Rosario me dejó perpleja, en realidad, las travas y trans rosarinas, que demostraron en su Primer Festival Trava/Trans una capacidad de gestión sorprendente para una primera experiencia, al punto de vencer un pronóstico de lluvia y un cielo listo para derramarse sobre el escenario y nuestros cuerpos. La necesidad de unirse fue el centro del festival. Sin pedir permiso, nos juntamos a reflexionar sobre lo que hay que hacer. Hubo camaradería y también, las peleas de siempre y de las que vendrán.
Las actividades previstas eran dos: una cumbre interna y otra al aire libre. La primera jornada fue tensa al límite del desmadre. Mucha diversidad en un colectivo que se presume siempre uniforme, con relaciones erosionadas y no sólo con las propias diferencias, sino con la acción externa que desde las previas al matrimonio igualitario vienen inoculando con la sospecha, instalando la lógica hetero del hacer partidario, potenciando lo que se da de manera propia. Donde hay una mamá o referente se la vuelve puntera para el “lavado de cara rosa”, sin formación, sin dar presupuesto, sin políticas publicas concretas. Esto termina generando que las travas abandonadas en las bases embistan contra las elegidas para ser incluidas. Pero en Rosario comenzaron a salir de esos círculos donde lo hetero partidario siempre sale ileso.
En la cumbre se comenzó pidiendo disculpas por alguna piña dada, reconociendo distancias y reclamando desde la calle, la prostitución y el hambre, y complejizando la realidad. Se propuso reconocer las diferencias y que éstas no desdibujen que hay un enemigo ajeno y otro íntimo. Si la que está en prostitución tiene que negociar desnuda, quienes están en alguna estructura partidaria pueden negociar con mayor firmeza. Entonces, que dejen de pensar que a quienes todo les falta cualquier “alguito” les suma. Ese no es el punto de llegada de ninguna estrategia de intervención política.
Sin embargo, más allá de las diferencias hay una decisión de volver a hacer cuerpo y sostener eso del “no creérsela, sostener la horizontalidad, entonces las diferentes voces fuertes tendrán que esforzarse por correrse de sus egos potenciados por el negocio hetero”, dijo Ayelén Beker, conocida como La Gilda de las travestis.

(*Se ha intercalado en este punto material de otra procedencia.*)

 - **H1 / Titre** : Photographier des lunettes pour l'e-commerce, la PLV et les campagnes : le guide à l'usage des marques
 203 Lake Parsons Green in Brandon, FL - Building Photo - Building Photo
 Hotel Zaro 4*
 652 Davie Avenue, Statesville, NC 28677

La Beker es trava, joven y oficia de garantía. Cualquiera de nosotras puede identificarse con ella. Así te soñás de niña esperando llegar a ser adulta y así te soñás de vieja en tu gloria pasada. Así te quisieras ver con el chongo que te oficia de guardaespaldas, con la banda entera esperando que digas, como dijo ella en ese escenario, “cuando quieran comenzamos”. Te soñás con el coro diciendo tu nombre en alto, con las luces sobre vos. En un escenario donde nadie te manosea, ni el policía, ni el cliente, ni el hotelero, ni el puntero, ni el político, ni el médico, ni el cura, ni la maestra, ni la tía, ni lxs vecinxs, ni la OMS, ni Unicef, ni la ONU y su maldita Yogyakarta vuelta letra medio muerta. Nadie mete mano. El arte ahí disolviendo diferencias, fortaleciendo la esperanza, con autoridad para penetrar con la voz dulce y firme al punto de ser escuchada incluso al poner límites. Esa figura, la de Beker, aún más allá de sí misma, es garantía trava. Repara. Nos reconcilia con lo propiamente trava que hemos olvidado o descuidado o pretendido disimular. Pero hay algo en ciernes que vamos a superar a pesar de tantos mezquinos fracasos con que nos han inoculado.